What this task involves:
Copy the records below exactly, starting at the line that contains "2024 Kia Telluride" and ending at the line that contains "An introduction to"; leave out any pictures.

The records:
Segment Open

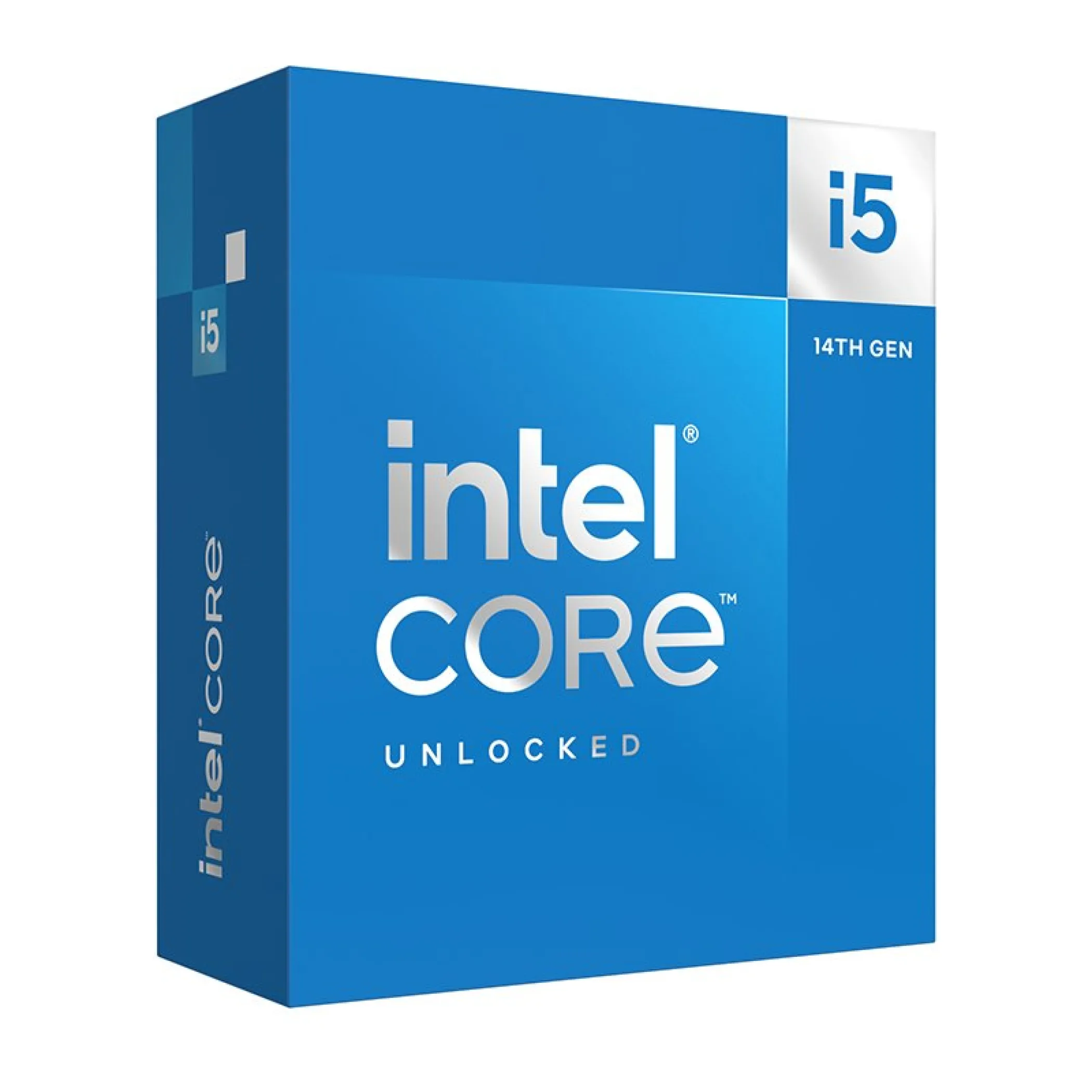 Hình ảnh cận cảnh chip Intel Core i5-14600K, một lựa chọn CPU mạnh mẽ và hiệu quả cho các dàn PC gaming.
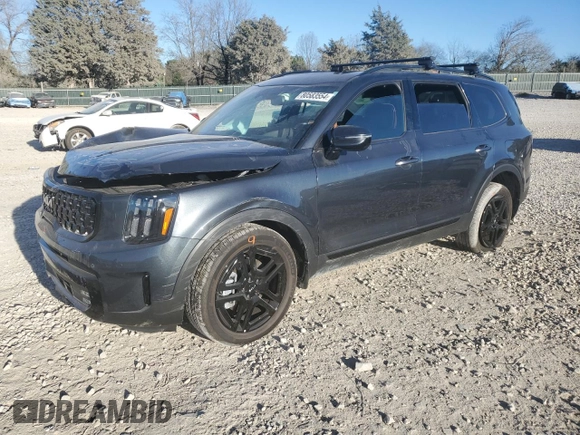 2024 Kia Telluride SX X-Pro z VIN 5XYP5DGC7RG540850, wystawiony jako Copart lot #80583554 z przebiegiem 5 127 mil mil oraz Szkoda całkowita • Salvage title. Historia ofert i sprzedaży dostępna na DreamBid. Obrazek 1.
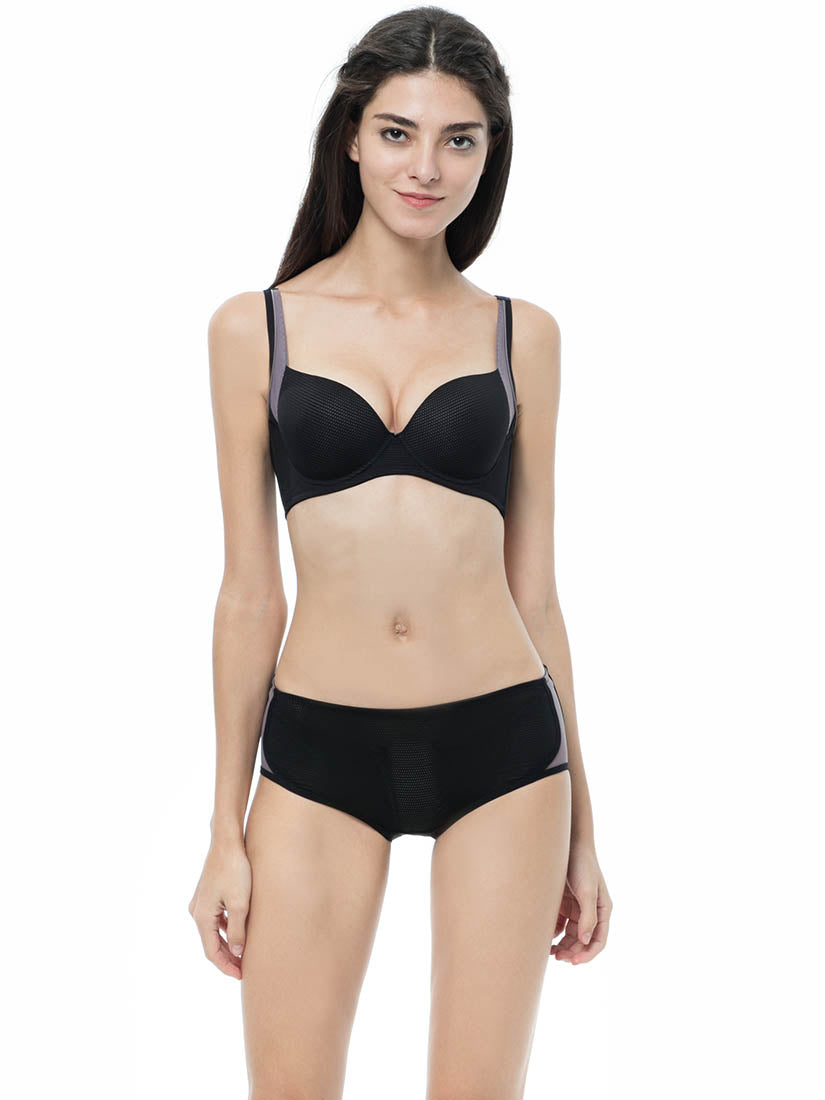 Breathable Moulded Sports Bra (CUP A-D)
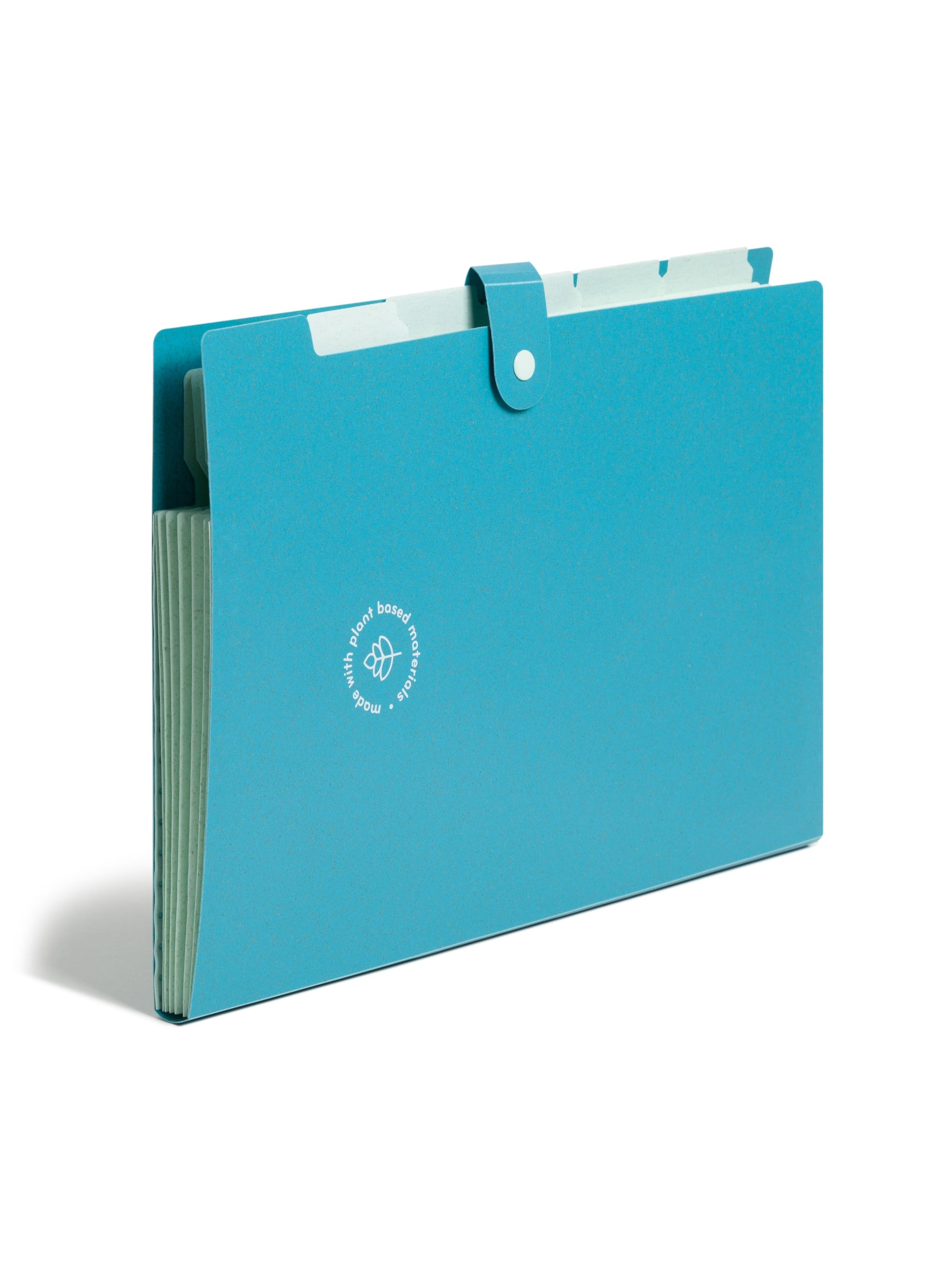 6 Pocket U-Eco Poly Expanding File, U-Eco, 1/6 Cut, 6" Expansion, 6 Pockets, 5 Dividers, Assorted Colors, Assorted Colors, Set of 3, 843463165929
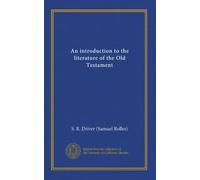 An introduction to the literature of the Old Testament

Segment Closed
Segment Open

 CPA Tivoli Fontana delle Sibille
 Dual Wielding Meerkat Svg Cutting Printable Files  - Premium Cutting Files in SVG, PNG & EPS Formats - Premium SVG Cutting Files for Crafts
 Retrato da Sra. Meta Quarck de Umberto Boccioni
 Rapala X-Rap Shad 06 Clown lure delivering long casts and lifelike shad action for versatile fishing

Segment Closed

Reply:
 2024 Kia Telluride SX X-Pro z VIN 5XYP5DGC7RG540850, wystawiony jako Copart lot #80583554 z przebiegiem 5 127 mil mil oraz Szkoda całkowita • Salvage title. Historia ofert i sprzedaży dostępna na DreamBid. Obrazek 1.
 Breathable Moulded Sports Bra (CUP A-D)
 6 Pocket U-Eco Poly Expanding File, U-Eco, 1/6 Cut, 6" Expansion, 6 Pockets, 5 Dividers, Assorted Colors, Assorted Colors, Set of 3, 843463165929
 An introduction to the literature of the Old Testament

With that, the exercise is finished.